▸ Data provided:

──────────────────────────────

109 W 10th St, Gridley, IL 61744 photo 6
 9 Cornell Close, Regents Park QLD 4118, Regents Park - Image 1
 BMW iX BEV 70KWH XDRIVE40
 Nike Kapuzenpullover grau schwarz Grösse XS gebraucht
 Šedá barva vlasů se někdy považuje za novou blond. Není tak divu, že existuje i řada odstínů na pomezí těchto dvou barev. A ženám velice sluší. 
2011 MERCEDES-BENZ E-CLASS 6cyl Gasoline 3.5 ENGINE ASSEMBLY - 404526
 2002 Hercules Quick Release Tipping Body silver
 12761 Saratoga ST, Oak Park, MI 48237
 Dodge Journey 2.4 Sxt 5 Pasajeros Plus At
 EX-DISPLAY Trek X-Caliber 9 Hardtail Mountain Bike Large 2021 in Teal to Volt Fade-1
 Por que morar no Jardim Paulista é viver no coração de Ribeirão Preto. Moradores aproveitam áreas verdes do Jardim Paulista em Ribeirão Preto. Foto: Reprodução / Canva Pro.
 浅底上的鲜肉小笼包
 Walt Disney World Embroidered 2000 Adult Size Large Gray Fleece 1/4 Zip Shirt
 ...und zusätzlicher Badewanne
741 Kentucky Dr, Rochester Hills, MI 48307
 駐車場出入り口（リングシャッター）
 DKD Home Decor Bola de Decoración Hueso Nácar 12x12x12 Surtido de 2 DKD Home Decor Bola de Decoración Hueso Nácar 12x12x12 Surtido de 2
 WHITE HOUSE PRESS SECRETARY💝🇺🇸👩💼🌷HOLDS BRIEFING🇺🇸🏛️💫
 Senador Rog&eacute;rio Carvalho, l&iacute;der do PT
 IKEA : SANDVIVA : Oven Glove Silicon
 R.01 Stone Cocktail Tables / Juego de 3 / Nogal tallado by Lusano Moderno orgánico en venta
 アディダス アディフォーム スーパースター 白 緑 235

──────────────────────────────

▸ Problem details: Give every line of the material that includes the string "Park".

▸ Solution for this task:
 9 Cornell Close, Regents Park QLD 4118, Regents Park - Image 1
 12761 Saratoga ST, Oak Park, MI 48237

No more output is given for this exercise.